For the entries below, copy exactly the line that contains "Colorful Flowers Illuminated By Sunlight" through the line that contains "Mørkegrå knælang kjole", both ends included, and exclude all pictures.

— Provided data —
--------------------------------
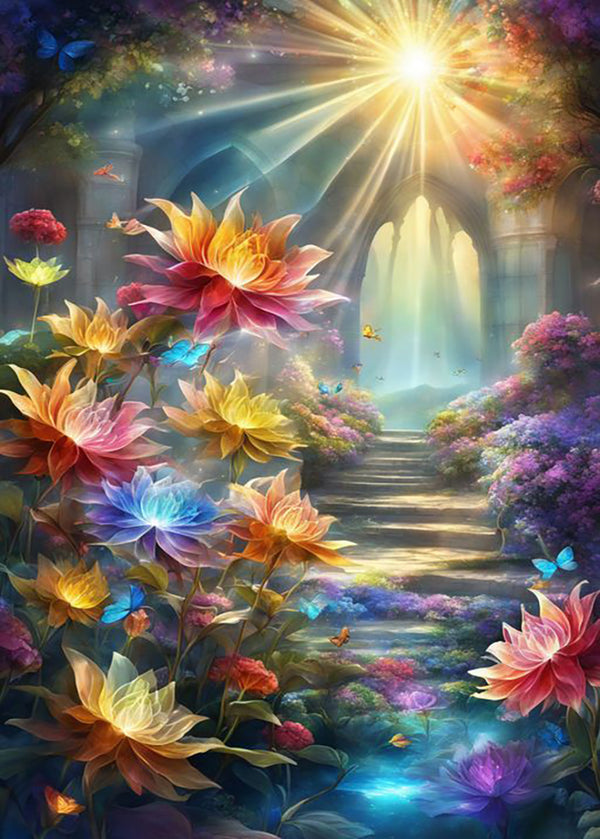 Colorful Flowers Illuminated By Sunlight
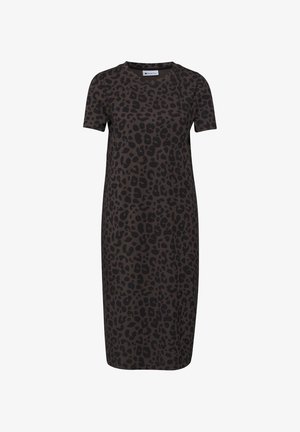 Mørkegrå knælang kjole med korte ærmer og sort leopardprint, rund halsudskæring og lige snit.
--------------------------------
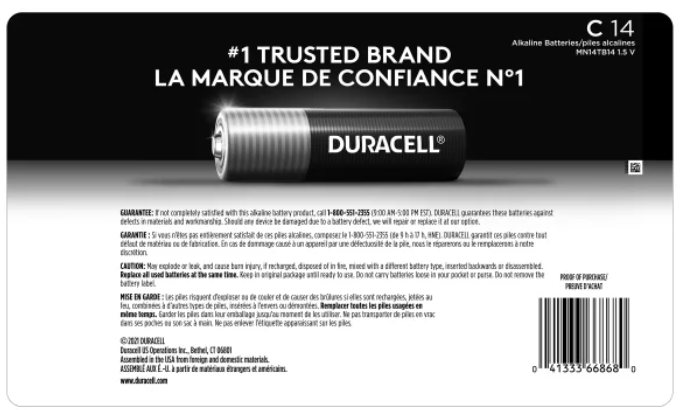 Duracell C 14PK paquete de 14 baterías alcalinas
--------------------------------
— Answer for the task —
 Colorful Flowers Illuminated By Sunlight
 Mørkegrå knælang kjole med korte ærmer og sort leopardprint, rund halsudskæring og lige snit.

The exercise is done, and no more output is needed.